*Problem to work on*:
Could you print, exactly and without pictures, only the lines from the one with "Women Tracksuit Manufacturer" through the end of the records below?

── Working data

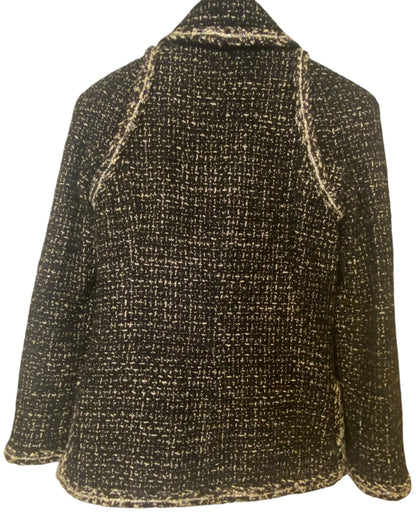 Chanel 17A Space Station Black White Ecru Metallic Fantasy Tweed Jacket FR 38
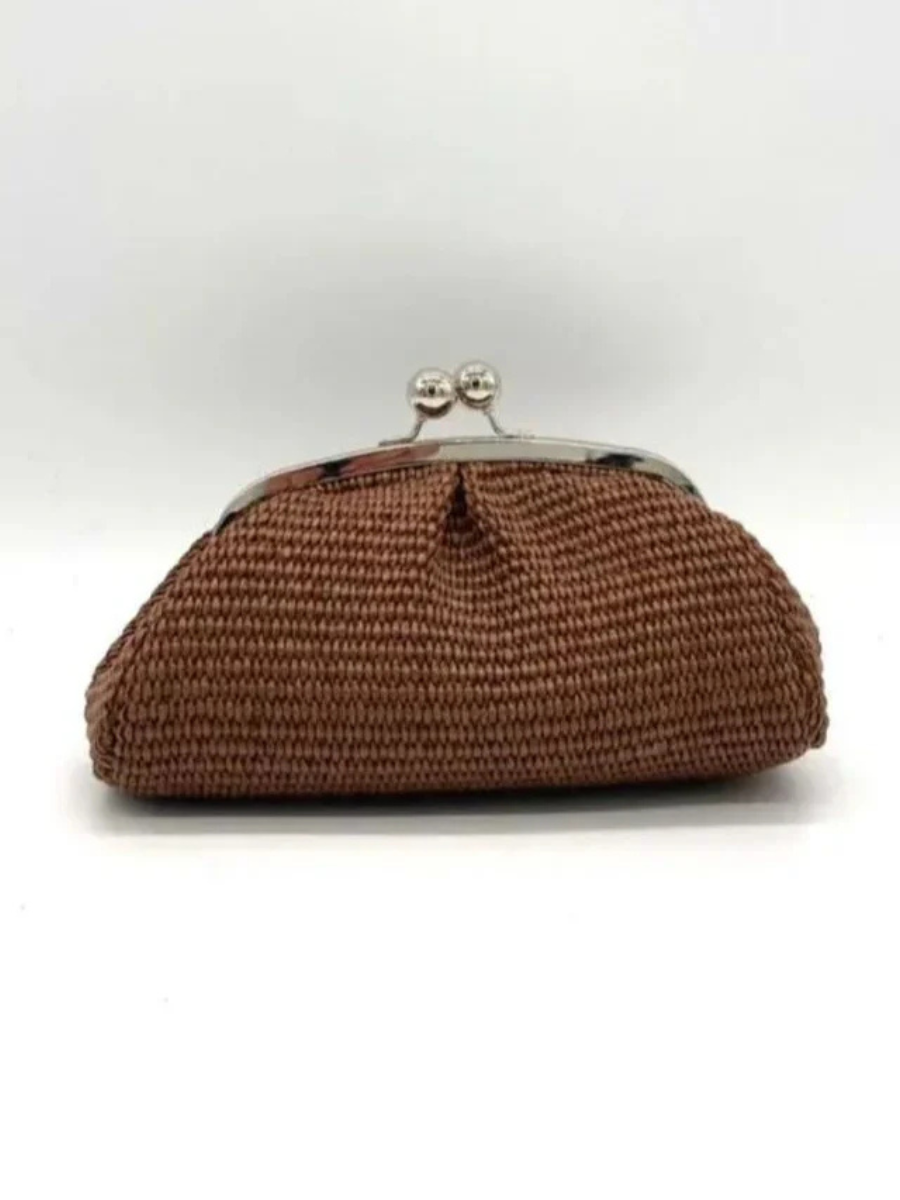 JULIA Raffia Clutch Chocolate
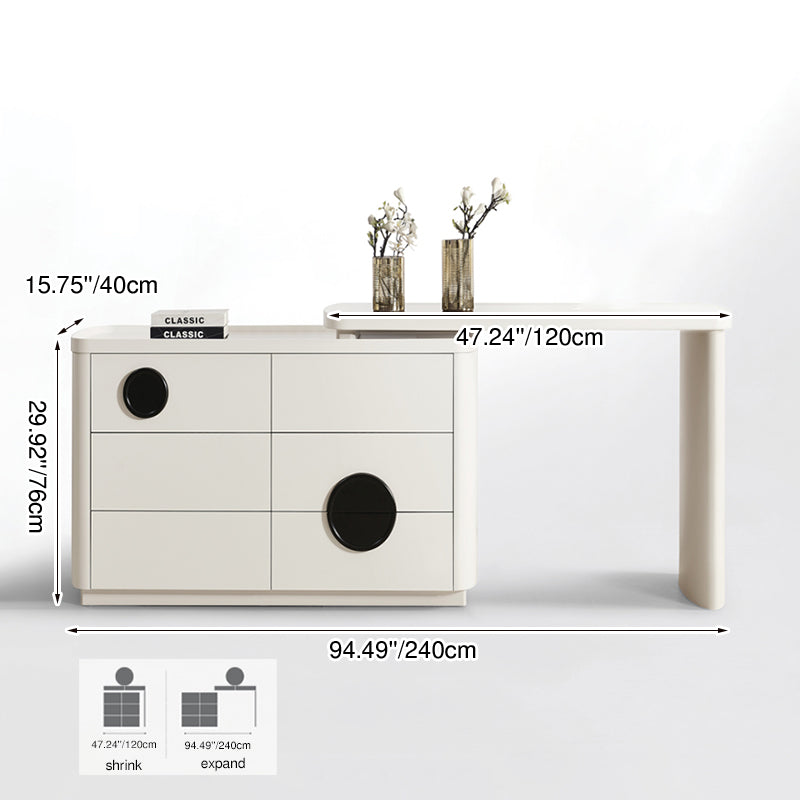 Expandable Vanity Workstation With 3 Or 6 Drawers Makeup Vanity - Nordic Dressing Table For Beauty And Storage, Rounded MDF Design For Bedroom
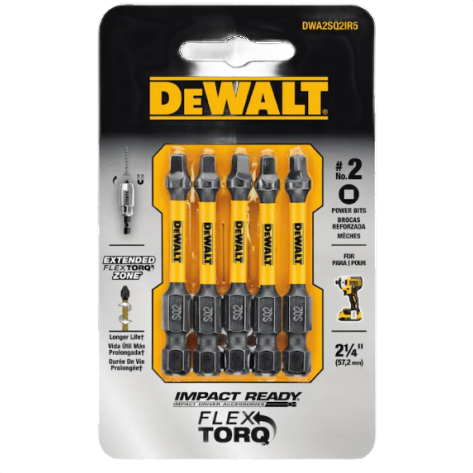 Set of five yellow and black impact-ready screwdriver bits for power tools in tool accessories and drill bits collections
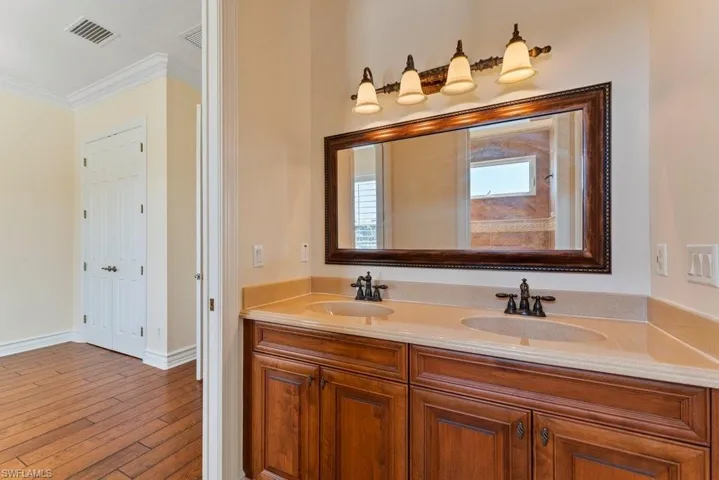 Bathroom with double vanity, a sink, ornamental molding, and visible vents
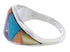 Multicolor Inlay Genuine Sterling Silver Jewelry Size 8-3/4 EX22434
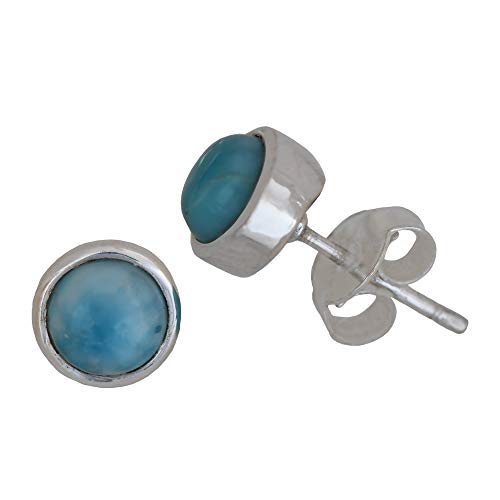 I-be, Larimar Edelstein 6 mm Ohrstecker rund, 925 Silber, im Geschenketui, 353011/6 von I-be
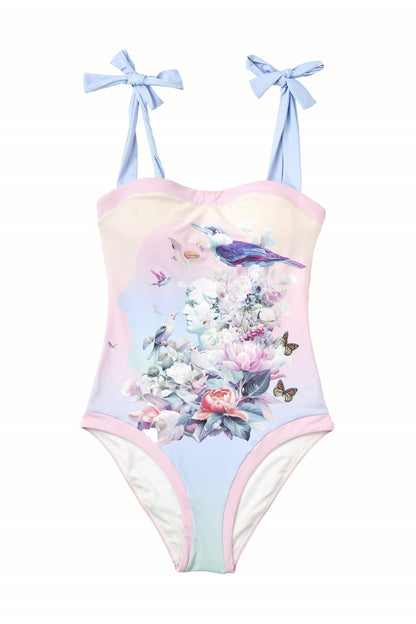 Garden Floral Bow One-Piece Swimsuit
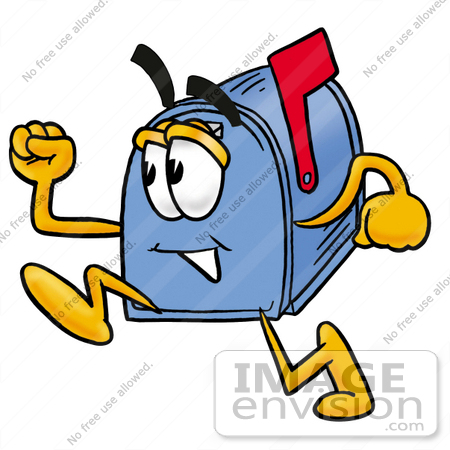 #26308 Clip Art Graphic of a Blue Snail Mailbox Cartoon Character Running by toons4biz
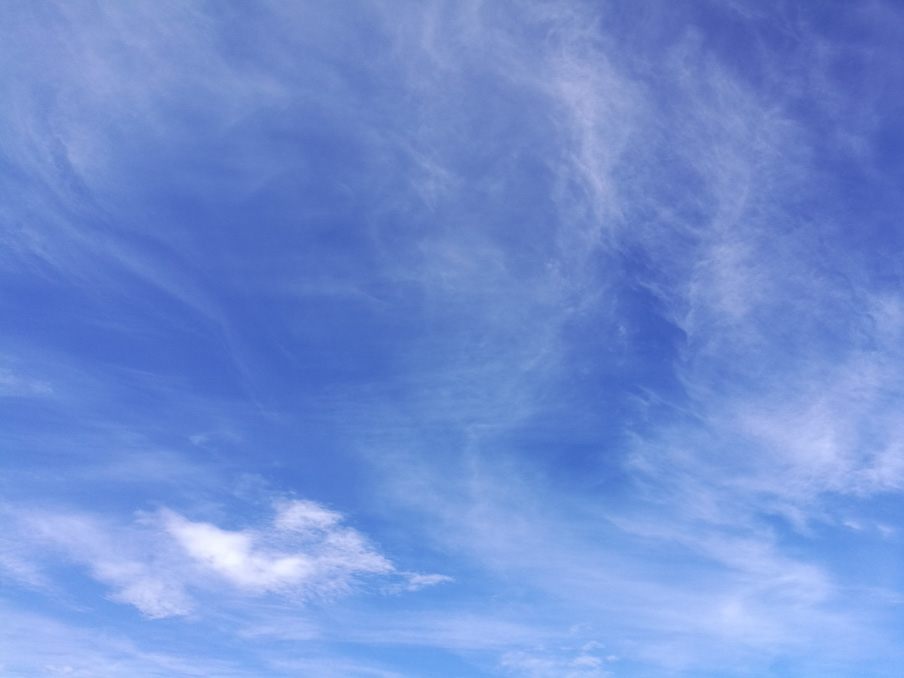 The sky with whispy clouds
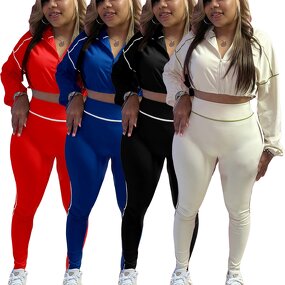 Women Tracksuit Manufacturer - Wholesale Custom Logo Cropped Zip Jacket Set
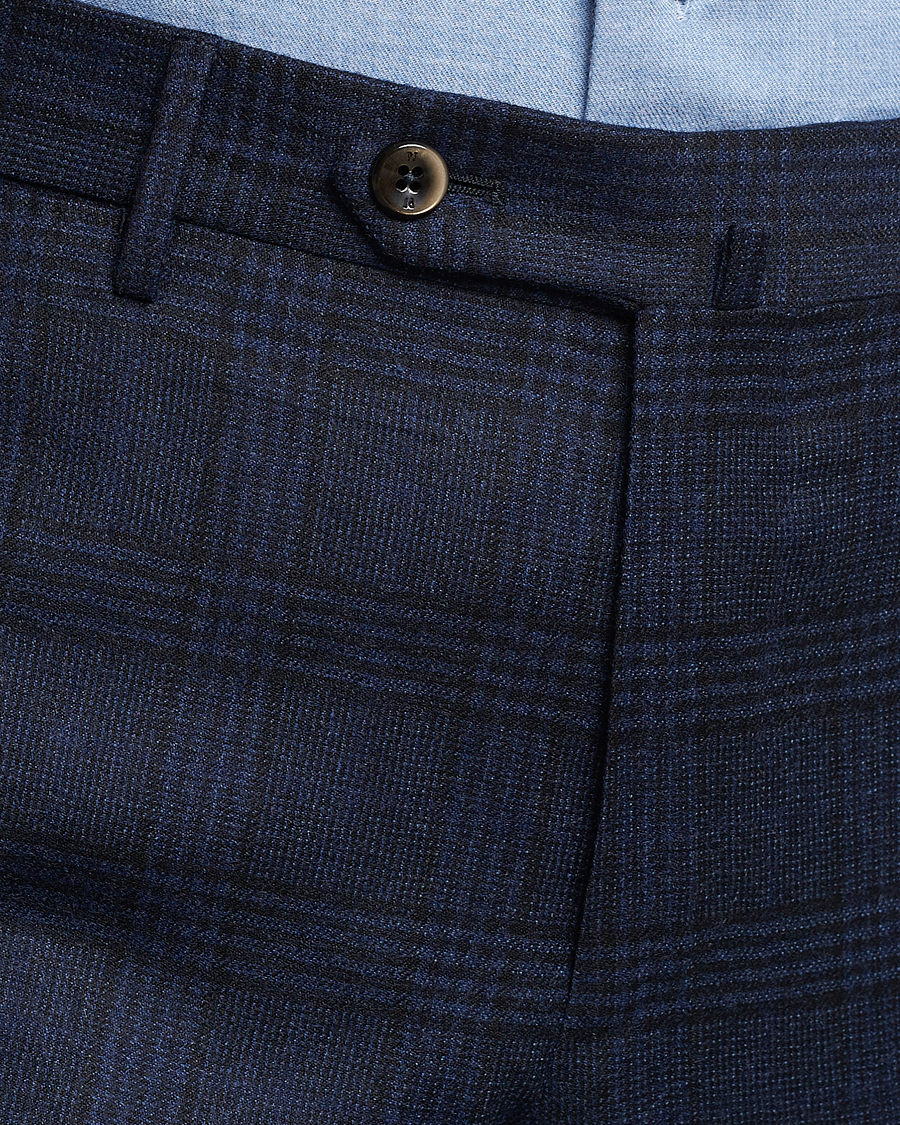 Homme | Pantalons | PT01 | Slim Fit Prince Of Wales Wool Trousers Navy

────

*Completed task*:
 Women Tracksuit Manufacturer - Wholesale Custom Logo Cropped Zip Jacket Set
 Homme | Pantalons | PT01 | Slim Fit Prince Of Wales Wool Trousers Navy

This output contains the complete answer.